Vagas de calor
Passei férias de Verão mais de doze anos num pequeno “Monte” muito cerca da fronteira de Ficalho, no chamado Alentejo profundo. Cheguei a estar por lá dois meses ou, até três, no tempo de maior calma (do mais seco calor), que vinha sempre quando o vento ‒ às vezes, uma simples aragem ‒ soprava de Espanha.
Só a sombra do interior da casa com os lambazes salpicados de água fresca do bidão onde fazíamos reserva, vinda a braço, em baldes e cântaros, do poço próximo, que, depois de analisada garantia a potabilidade impecável do seu veio, aliviavam o calor escaldante que fazia lá fora.
Houve uma noite, já rapaz de dezasseis anos, que não aguentando o respirar ainda quente da casa, fui dormir para a eira, em cima da palha. Avisaram-me da brotoeja, das cobras e sei eu lá de que mais. Fiz ouvidos de mercador e lá me deitei sob um céu estrelado, onde corria uma brisa mais fresca. Acordei com os alvores do dia, que ia ser quente, de certeza. Vim para casa sem sinais de quaisquer mazelas. Já passaram muito mais de sessenta anos sobre essa noite e esses calores.

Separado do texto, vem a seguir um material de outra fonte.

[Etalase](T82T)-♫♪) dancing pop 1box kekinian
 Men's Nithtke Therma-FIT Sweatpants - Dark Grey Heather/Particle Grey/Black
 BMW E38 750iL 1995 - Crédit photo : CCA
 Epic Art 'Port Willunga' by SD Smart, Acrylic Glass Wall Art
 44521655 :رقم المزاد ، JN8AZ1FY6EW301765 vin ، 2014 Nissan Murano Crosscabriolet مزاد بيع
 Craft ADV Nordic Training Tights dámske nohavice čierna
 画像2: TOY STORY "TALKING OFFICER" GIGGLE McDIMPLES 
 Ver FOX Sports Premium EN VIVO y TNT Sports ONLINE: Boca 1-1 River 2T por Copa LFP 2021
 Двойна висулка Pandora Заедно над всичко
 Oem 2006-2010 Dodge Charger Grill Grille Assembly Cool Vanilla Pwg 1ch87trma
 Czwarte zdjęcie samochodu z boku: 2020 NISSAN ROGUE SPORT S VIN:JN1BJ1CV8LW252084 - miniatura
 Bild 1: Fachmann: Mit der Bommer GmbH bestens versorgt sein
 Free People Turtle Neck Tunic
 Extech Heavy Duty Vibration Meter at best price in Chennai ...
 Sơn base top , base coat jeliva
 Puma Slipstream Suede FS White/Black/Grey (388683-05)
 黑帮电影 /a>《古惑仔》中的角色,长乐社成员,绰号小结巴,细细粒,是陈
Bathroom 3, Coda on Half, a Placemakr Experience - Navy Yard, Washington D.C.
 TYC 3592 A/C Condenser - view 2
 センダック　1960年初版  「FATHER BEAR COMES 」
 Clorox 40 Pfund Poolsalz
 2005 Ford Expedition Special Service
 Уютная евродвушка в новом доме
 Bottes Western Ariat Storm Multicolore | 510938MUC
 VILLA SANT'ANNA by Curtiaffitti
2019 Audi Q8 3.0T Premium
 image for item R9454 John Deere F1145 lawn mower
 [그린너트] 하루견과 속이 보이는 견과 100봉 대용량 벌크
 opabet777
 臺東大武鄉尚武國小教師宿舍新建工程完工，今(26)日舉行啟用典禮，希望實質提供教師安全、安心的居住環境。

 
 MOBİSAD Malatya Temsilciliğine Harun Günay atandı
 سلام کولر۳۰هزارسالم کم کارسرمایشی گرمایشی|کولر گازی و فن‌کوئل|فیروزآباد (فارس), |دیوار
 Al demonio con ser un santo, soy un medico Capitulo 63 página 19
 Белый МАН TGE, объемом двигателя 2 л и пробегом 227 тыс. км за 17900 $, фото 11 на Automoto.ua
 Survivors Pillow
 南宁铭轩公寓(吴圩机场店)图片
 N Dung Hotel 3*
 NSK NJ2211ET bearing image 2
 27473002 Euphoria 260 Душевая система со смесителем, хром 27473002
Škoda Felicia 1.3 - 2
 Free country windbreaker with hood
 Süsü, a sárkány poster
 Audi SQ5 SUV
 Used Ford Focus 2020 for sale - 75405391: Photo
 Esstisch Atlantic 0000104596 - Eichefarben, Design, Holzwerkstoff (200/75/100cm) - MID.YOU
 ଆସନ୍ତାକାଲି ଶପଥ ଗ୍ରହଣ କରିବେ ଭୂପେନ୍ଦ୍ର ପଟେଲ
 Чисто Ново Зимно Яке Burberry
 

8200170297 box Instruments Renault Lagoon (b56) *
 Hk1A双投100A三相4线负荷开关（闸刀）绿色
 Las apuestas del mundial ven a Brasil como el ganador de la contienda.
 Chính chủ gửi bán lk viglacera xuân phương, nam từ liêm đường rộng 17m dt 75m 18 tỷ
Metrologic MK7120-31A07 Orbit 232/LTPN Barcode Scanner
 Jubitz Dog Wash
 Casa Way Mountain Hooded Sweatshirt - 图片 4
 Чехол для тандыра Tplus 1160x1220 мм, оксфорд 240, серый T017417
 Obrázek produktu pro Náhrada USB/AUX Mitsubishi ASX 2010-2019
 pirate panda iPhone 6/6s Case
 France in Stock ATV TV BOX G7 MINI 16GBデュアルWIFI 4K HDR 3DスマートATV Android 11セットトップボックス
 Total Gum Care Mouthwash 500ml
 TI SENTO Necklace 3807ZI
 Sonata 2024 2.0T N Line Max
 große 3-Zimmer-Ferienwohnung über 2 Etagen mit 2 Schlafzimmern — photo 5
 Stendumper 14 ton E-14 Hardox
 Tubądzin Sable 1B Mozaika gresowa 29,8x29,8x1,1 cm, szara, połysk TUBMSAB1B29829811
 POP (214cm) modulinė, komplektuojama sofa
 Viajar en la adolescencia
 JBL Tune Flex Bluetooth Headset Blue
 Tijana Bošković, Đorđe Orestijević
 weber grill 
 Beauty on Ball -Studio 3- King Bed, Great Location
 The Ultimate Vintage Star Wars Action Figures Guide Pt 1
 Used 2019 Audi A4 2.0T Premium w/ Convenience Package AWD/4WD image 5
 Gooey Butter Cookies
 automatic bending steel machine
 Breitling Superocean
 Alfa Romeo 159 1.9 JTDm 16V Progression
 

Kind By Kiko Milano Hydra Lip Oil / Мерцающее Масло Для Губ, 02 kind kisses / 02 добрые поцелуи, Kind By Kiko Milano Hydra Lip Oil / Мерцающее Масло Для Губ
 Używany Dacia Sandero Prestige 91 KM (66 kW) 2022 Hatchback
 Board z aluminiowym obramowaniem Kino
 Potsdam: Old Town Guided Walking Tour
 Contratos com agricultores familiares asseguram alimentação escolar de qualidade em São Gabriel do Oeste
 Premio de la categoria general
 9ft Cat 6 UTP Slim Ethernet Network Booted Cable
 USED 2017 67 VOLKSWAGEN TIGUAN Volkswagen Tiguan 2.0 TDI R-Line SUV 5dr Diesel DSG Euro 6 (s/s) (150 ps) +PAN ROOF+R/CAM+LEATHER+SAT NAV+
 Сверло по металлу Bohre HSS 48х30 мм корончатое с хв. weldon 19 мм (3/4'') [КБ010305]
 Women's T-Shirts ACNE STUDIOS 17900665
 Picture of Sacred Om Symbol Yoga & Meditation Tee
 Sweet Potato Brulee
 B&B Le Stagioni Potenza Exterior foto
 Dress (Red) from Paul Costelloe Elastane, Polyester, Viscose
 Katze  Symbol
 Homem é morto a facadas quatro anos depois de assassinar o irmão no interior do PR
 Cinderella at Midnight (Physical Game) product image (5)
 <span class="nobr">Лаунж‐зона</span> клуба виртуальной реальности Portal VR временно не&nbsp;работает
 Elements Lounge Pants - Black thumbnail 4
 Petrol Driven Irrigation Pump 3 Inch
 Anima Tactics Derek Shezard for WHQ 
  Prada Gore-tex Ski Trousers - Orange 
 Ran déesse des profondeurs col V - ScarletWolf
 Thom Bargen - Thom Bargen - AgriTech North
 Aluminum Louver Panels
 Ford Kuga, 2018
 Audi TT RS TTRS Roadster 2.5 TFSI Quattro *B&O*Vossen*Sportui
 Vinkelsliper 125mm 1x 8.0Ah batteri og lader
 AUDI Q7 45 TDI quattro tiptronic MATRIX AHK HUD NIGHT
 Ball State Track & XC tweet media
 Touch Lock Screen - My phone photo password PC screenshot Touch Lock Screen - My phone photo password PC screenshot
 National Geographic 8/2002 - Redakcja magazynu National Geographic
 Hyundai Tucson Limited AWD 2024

Não sei se era o vento de Espanha ou o suão de José Régio que povoou muitos dos meus Verões perto de Aldeia Nova de S. Bento. Não se falava ainda de aquecimento global, embora ardessem poucas ‒ porque limpas ‒ algumas matas nas Beiras. Ou, talvez, fosse a censura quem calava os fogos, como quase calou Aquilino Ribeiro e o seu Quando os Lobos Uivam.
Que há mudanças climatéricas não tenho dúvidas, pois as estações do ano tão bem definidas, na minha infância, esbatem-se e interpenetram-se agora, quando a humidade e o frio me enferrujam as dobradiças e o calor me baixa a tensão arterial.
Não arrisco dormir nas eiras, que já não tenho, quando, depois de um dia de canícula, me sabe bem o fresco da noite. Contudo, pergunto-me, muitas vezes, se, no dizer cheio de humor de Vasco Santana, “esta bola que rebola e dá voltas sem parar” não estará, também, a sofrer efeitos daqueles muitos que o Sol exerce sobre a Terra.
Não sei e, consequência da minha ignorância, sou atrevido no lançar de hipóteses que, provavelmente não têm qualquer fundamento, estando certos todos os que vêem nos automóveis, aviões, navios de cruzeiro, nas fábricas que consomem carvão e em tantas mais fontes de produção de CO2 a razão destes excessivos calores estivais, nas chuvadas imensas de Verão e nas consequentes cheias que transbordam leitos traçados há milénios.
Estou de frente para uma ventoinha que me dá a sensação de fresco, porque somente agita o ar. Queira Deus que a electricidade que a alimenta não seja produzida numa usina que queima carvão.